The significance of the roll center can only be appreciated when the vehicle's center of mass is also considered. If there is a difference between the position of the center of mass and the roll center a moment arm is created. When the vehicle experiences angular acceleration due to cornering, the size of the moment arm, combined with the stiffness of the springs and anti-roll bars (anti-sway bars in some parts of the world), dictates how much the vehicle will roll.

The second part is perfectly clear, but I'm having trouble with the first part. Generally, wouldn't the Roll Center simply be the center of mass of the sprung mass? Any force that doesn't pass through it would have a moment about the COM, resulting in a tendency to roll right?

The book also says
The roll center can also be thought of as the point on the body at which a lateral force application will produce no roll angle, and it is the point around which the axle rolls when subjected to a pure roll moment.

Now where is the axle coming into the picture now? I thought the RC is a property of the sprung mass? And also, the roll center seems to be really close to the ground in diagrams, like, completely away from the body.
 
  • #5
@ranger_mike

I tried reading it, but it seems really complicated, was unable to follow it, as I haven't done any courses on vehicle dynamics/suspensions, everything seems new to me. Isn't there a simpler explanation?
 
  • #6
Let's look at a really simple suspension. In the next picture, you can see that the tractor has a simple solid axle for the front wheels. There are no springs, the axle is just rotating about the pin at the center (There is no suspension at all for the rear axle).

The pin is the roll center of the front axle. In this particular (really simple) suspension, no matter how the «sprung» mass (the tractor frame) is positioned with respect to the «unsprung» mass (the front axle), the roll center position is always clearly known.

Now, this tractor is not built for cornering, but let's imagine that the rear axle is built the same way and that there are left & right springs between each axle and the tractor frame. The roll axis would be the imaginary line linking both rear and front pins.

If that tractor would be under lateral acceleration, the centrifugal force (ma) would act at the center of gravity of the sprung mass. The distance between the center of gravity and the roll axis would create the moment arm for the centrifugal force. That moment (or couple) would begin a rotation of the sprung mass around the roll axis. This rotation (or this moment) will be opposed by the moment created by the spring force and how far it is from the roll center. These moments will be balanced when the rotation stops to a certain angle. The larger the lateral acceleration, the larger the final angle.

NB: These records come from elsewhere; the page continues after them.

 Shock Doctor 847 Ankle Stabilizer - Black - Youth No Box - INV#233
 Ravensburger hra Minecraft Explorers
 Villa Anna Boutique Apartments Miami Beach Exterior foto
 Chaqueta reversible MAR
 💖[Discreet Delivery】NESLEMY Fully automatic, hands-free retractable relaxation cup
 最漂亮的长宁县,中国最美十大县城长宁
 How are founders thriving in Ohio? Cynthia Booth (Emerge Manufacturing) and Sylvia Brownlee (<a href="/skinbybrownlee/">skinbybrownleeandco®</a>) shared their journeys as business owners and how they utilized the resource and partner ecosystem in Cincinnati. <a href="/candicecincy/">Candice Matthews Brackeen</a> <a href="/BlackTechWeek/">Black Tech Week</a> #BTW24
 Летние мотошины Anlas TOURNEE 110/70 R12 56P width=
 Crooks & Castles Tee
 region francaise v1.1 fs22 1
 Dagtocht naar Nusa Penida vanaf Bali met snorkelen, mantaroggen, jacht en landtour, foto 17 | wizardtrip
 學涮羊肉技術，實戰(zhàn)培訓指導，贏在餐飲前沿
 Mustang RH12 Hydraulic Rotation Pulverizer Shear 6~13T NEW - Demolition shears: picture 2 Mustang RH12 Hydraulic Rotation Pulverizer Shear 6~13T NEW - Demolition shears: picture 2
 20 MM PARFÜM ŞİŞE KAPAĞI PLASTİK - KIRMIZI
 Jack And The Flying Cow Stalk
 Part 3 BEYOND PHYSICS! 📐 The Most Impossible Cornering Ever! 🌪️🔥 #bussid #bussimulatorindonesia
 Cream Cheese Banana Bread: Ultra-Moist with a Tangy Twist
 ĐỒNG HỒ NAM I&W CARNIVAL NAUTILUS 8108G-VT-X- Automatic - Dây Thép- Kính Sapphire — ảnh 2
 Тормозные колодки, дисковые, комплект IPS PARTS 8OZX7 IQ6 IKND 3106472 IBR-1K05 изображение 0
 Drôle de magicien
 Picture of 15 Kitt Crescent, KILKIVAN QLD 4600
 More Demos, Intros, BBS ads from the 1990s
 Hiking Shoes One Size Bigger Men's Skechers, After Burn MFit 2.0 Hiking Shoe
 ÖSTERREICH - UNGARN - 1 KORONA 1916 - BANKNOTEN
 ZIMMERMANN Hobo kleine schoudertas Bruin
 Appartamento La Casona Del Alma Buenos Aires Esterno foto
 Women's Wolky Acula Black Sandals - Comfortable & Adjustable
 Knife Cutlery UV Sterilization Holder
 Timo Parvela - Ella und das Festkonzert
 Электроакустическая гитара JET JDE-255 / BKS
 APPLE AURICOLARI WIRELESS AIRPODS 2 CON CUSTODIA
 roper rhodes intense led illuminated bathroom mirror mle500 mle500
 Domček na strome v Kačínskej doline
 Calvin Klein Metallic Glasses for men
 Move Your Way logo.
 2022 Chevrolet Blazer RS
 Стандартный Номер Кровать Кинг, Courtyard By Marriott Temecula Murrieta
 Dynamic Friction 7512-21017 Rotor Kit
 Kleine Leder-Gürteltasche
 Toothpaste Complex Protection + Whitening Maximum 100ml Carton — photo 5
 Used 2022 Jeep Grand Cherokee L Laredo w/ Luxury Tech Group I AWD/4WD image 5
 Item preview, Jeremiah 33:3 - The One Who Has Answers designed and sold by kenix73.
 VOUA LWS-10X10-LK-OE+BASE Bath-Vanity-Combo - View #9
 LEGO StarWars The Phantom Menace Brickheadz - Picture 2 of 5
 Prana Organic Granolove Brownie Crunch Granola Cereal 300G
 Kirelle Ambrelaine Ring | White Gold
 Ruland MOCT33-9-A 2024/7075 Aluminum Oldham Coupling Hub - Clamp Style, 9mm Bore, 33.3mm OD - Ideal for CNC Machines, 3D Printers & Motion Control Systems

ctrp_0607_03_z+stock_car_suspension+setup.jpg


Now imagine that the pins are moved high enough that the roll axis goes through the center of gravity. In such a case, there will be no moment created since the moment arm length is zero. Hence there will be no rotation initiated and the tractor would stay perfectly parallel to the ground under any amount of lateral acceleration.

For more complex suspensions (with more links), the position of the roll center depends on the position of each link. Since those links are constantly moving, the roll center is also constantly moving. And that's where the fun begins in suspension design ...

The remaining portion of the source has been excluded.